**Assignment:**
Retype the entries below word for word, leaving none out.

**Data records:**

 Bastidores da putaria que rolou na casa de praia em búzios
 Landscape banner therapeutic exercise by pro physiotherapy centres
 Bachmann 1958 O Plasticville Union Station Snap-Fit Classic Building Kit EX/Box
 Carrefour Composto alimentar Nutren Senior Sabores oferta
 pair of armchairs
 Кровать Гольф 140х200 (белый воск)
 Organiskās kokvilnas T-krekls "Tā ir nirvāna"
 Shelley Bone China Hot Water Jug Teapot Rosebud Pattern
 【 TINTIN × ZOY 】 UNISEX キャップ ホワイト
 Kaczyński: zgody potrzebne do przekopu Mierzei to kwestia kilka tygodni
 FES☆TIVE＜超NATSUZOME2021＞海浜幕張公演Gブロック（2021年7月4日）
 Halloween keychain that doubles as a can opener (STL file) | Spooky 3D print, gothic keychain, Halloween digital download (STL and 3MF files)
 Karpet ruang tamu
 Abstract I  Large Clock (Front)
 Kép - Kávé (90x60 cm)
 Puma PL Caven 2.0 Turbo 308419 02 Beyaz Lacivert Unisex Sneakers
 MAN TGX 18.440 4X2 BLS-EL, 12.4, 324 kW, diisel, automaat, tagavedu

**Result of this task:**
 Bastidores da putaria que rolou na casa de praia em búzios
 Landscape banner therapeutic exercise by pro physiotherapy centres
 Bachmann 1958 O Plasticville Union Station Snap-Fit Classic Building Kit EX/Box
 Carrefour Composto alimentar Nutren Senior Sabores oferta
 pair of armchairs
 Кровать Гольф 140х200 (белый воск)
 Organiskās kokvilnas T-krekls "Tā ir nirvāna"
 Shelley Bone China Hot Water Jug Teapot Rosebud Pattern
 【 TINTIN × ZOY 】 UNISEX キャップ ホワイト
 Kaczyński: zgody potrzebne do przekopu Mierzei to kwestia kilka tygodni
 FES☆TIVE＜超NATSUZOME2021＞海浜幕張公演Gブロック（2021年7月4日）
 Halloween keychain that doubles as a can opener (STL file) | Spooky 3D print, gothic keychain, Halloween digital download (STL and 3MF files)
 Karpet ruang tamu
 Abstract I  Large Clock (Front)
 Kép - Kávé (90x60 cm)
 Puma PL Caven 2.0 Turbo 308419 02 Beyaz Lacivert Unisex Sneakers
 MAN TGX 18.440 4X2 BLS-EL, 12.4, 324 kW, diisel, automaat, tagavedu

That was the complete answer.